Nem vou criticar o fato de Nolan não ir até ao cerne do mistério que até hoje cerca Dunquerque, afinal o filme não foca em razões. Muitos consideram que evacuar Dunquerque teria sido quase impossível se supostamente Hitler não tivesse ordenado que a ofensiva diminuísse por um tempo (Hitler teria ordenado em 24 de maio que as forças Panzer não ultrapassassem a linha de Lens-Béthune-St Omer-Gravelines, mesmo com a opinião contrária de muitos de seus oficiais), e até hoje ninguém sabe o motivo dessa decisão, se é que ela realmente aconteceu. Ou teria sido o serviço secreto alemão que não relatou a Hitler que dezenas de barcos de salvamento estavam ali salvando vidas enquanto seus tanques permaneciam parados? Teria sido uma estratégia proposital ou um erro de guerra? Não há (estas ou outras) conclusões em “Dunkirk” porque não são feitas perguntas: não há um “e se…” nem mesmo um “mas por que afinal…”: não era esse o mote de Nolan, e a respeito disso não podemos cobrá-lo, “Dunkirk” não se trata disso.

Mas se era para produzir um filme que recria um fato histórico, quase um retrato de um acontecimento específico e importante da guerra (explorado pelos EUA inclusive como “O Milagre de Dunquerque”), faltam rostos reais entre os soldados, faltam os seres humanos diversificados que ali lutaram. Não basta se cercar de uma excelência cinematográfica e todo um aparato de qualidade. Como num prato de Masterchef, para ser perfeito (e há críticos já chamando “Dunkirk” de obra-prima), há que ter um conjunto amplo que soma beleza estética, agradar o paladar, emocionar e possuir precisão técnica (e isso inclui os ingredientes corretos e em doses adequadas). Nolan fez um lindo prato, saboroso e bem feito, mas todo branco num prato branco. Não dá pra recriar uma realidade baseada em um “nós versus eles”, onde “nós” é composto apenas de soldados com caras de ingleses com ânsia de vitória. Não era assim.

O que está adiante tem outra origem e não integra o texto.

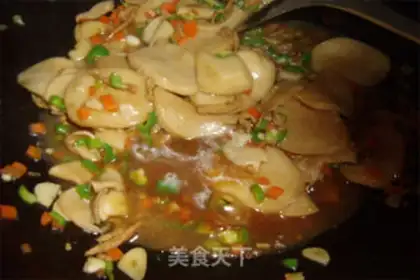 Make Garlic abalone step 10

Ainda assim, para quem gosta de filme de guerra, uma excelente pedida. Num filme de poucos diálogos, destaque para Mark Rylance e Tom Hardy.

Em tempo: com “Dunkirk”, o Christopher Nolan de “Amnésia” (2000), “O Grande Truque” (2006), “Batman: O Cavaleiro das Trevas” (2008) e “Interestelar” (2014), entre outros, se consolida inegavelmente como um dos melhores diretores do século 21. Um craque.

Tommy Beresford

cinemagia.wordpress.com

~ por Tommy Beresford em agosto, 02 2017.